Guide
LLM voice agent pipeline explained
Harbor Clinic launched a phone intake bot in early 2026: patients described symptoms, the system transcribed speech, an LLM drafted triage questions, and a neural voice read replies aloud. Analytics showed a brutal pattern — 23% of callers hung up during the first silence gap before the bot spoke. Median round-trip latency was 4.2 seconds (end of user speech to first audible syllable). Patients interpreted the pause as a dropped call. After rebuilding the pipeline with streaming speech recognition (ASR), predictive end-of-turn detection, parallel LLM pre-generation, and chunked text-to-speech (TTS) playback with barge-in, median latency fell to 1.8 seconds and abandonment dropped to 7%. Voice agents are not chat bots with a microphone attached; they are real-time control systems where timing is the product.

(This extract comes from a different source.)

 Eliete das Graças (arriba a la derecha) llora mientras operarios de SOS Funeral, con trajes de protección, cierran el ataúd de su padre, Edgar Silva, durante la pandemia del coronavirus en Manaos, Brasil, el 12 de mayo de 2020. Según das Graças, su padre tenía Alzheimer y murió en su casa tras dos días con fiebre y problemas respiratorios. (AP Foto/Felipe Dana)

A production LLM voice agent pipeline chains audio capture, voice activity detection (VAD), automatic speech recognition, dialog management, LLM reasoning (often with tools), and speech synthesis — all under hard latency and interruption constraints humans enforce unconsciously in conversation. This guide covers the end-to-end architecture, turn-taking and barge-in, streaming vs batch STT/TTS, latency budgeting, the Harbor Clinic refactor, a technique decision table versus text-only agents, common pitfalls, and an engineering checklist. Pair it with streaming LLM responses and multimodal AI models for broader context.
Pipeline stages from microphone to speaker
Most voice agents run a loop: listen → understand → think → speak. Each stage can block the next if designed naively.
- Capture and VAD — raw PCM or Opus frames arrive from WebRTC, telephony SIP, or mobile SDK. VAD classifies speech vs silence/noise so downstream ASR is not fed endless silence.
- ASR (STT) — audio becomes text, ideally with partial hypotheses while the user still talks.
- End-of-turn (EOT) detection — decides when the user finished a thought vs paused mid-sentence. Too eager triggers interruptions; too slow adds dead air.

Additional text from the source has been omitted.